Resnik attempted to slow the conversation, warning that her comments could be interpreted as encouraging violence. Mayes refused to back down.

“Well, but it’s the facts,” Mayes said.

She followed that by acknowledging the obvious contradiction.

“You’re not allowed to shoot peace officers,” she continued. “But how do you know they’re a peace officer?”

Despite insisting she was not giving people a “license” to kill agents, Mayes repeatedly floated a legal defense for someone who might do exactly that.

“It becomes, did they reasonably know that they were a peace officer? You know?”

Later in the interview, Mayes tried to personalize the argument by claiming gun ownership herself.

“By the way, I’m a gun owner,” she said, adding that she would shoot someone approaching her if she could not tell “whether they’re a police officer.”

She doubled down again, blaming federal authorities for what she called a volatile situation.

“Well, but it’s the facts. It’s the fact that we have a Stand Your Ground law, and we have, in other states, uniformed, masked people, who can’t be identified as police officers. That is a problem.”

Mayes went on to say the situation has “all the makings for you know, shoot out at the O.K. Corral all over again,” a comment critics say casually normalizes deadly encounters between citizens and law enforcement.

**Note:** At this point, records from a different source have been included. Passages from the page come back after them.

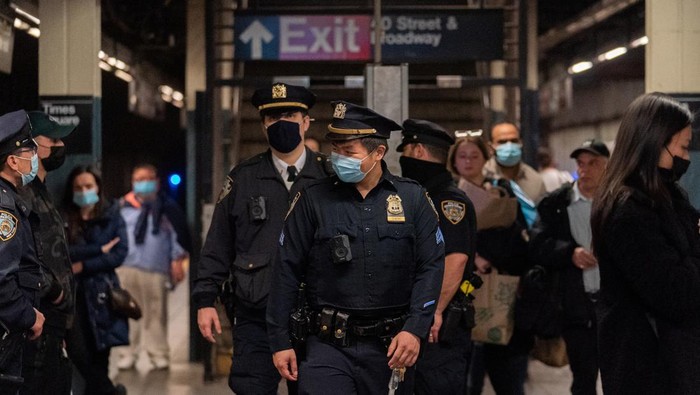 Penembakan di stasiun kereta bawah tanah New York gegerkan publik. Usai insiden penembakan terjadi, sejumlah polisi dikerahkan untuk bersiaga di sekitar stasiun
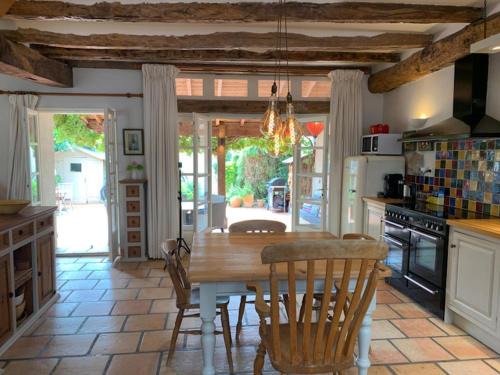 Saint-Meard-de-Gurcon Casa | Sleeps 6 Vineyard Escape- PetsOK & Airport Access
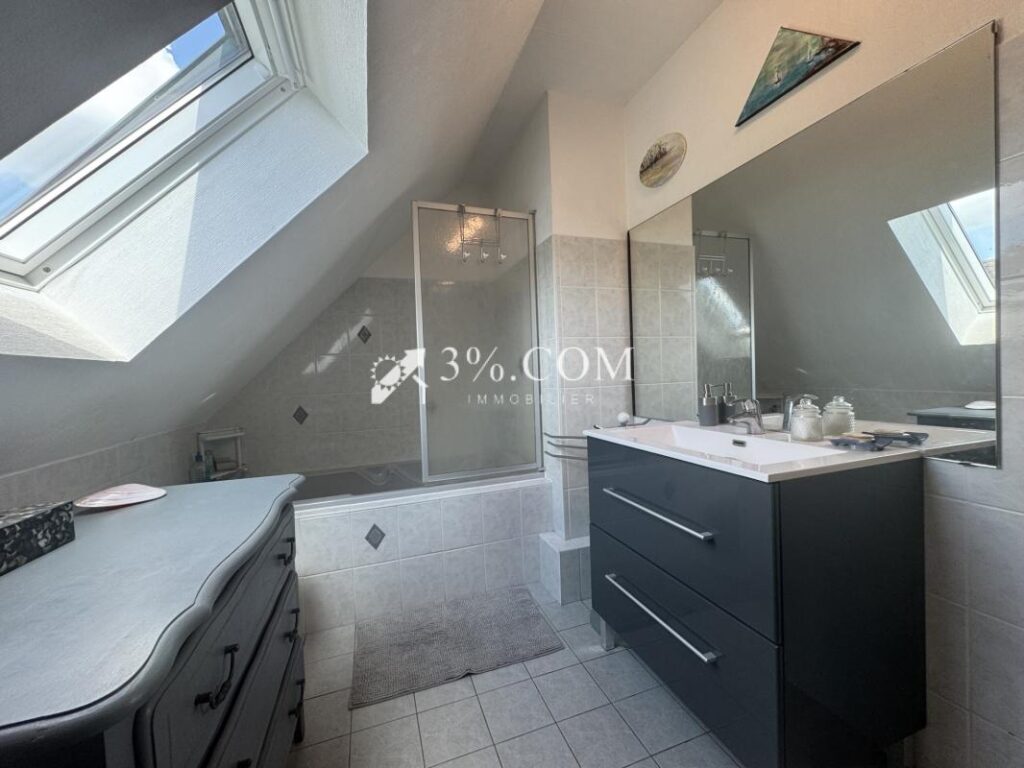 3%COM Jolie maison avec jardin en bordure de champs – 5 pièces – 3 chambres – 98 m²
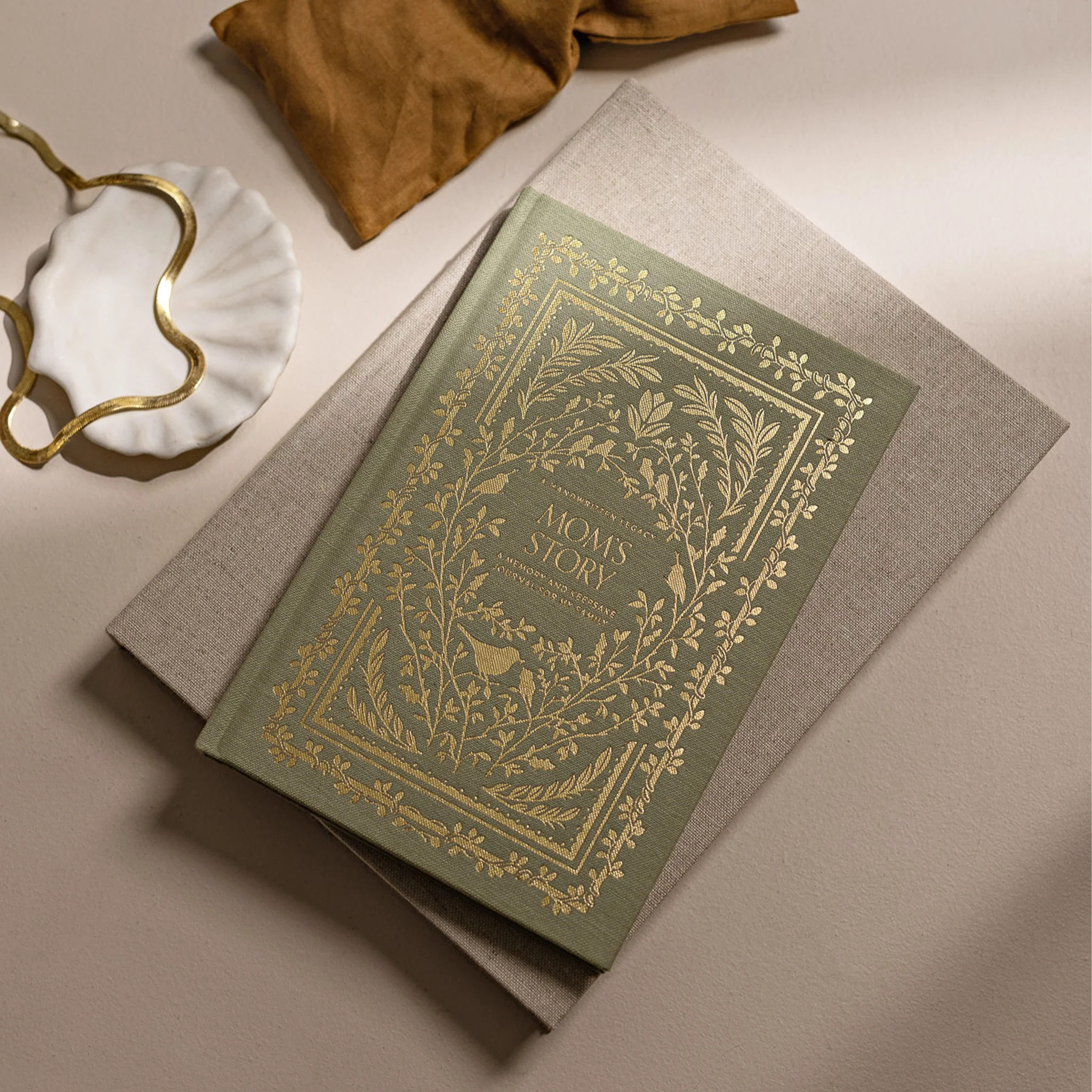 Paige Tate & Co. - Mom's Story: A Memory and Keepsake Journal for My Family - Image 2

Throughout the interview, Mayes leaned heavily on familiar left wing rhetoric, accusing ICE of “thuggish, brutish behavior.” She also introduced a new claim that federal agents are targeting tribal members in Arizona, asserting that a Navajo man was detained “because of the color of his skin.”

The conversation then veered into election politics. Mayes warned of federal interference ahead of the 2026 midterms and suggested her office would physically block any attempt to seize election equipment.

“We will do everything that physically that we can do to prevent them from seizing anything,” she said.

When pressed on what that meant, she doubled down.

“It means what it means. No one’s taking anything out of our election polling places.”

For critics, the interview painted a disturbing picture. Arizona’s Attorney General appeared to rationalize deadly force against federal agents, inflame tensions in a heavily armed state, and preview resistance to lawful federal authority. Conservatives argue that if any Republican official spoke this way about law enforcement, the media response would be swift and unforgiving.

Instead, Mayes walked away from the interview having normalized the idea that masked ICE agents could be met with bullets and blamed the federal government for whatever violence might follow.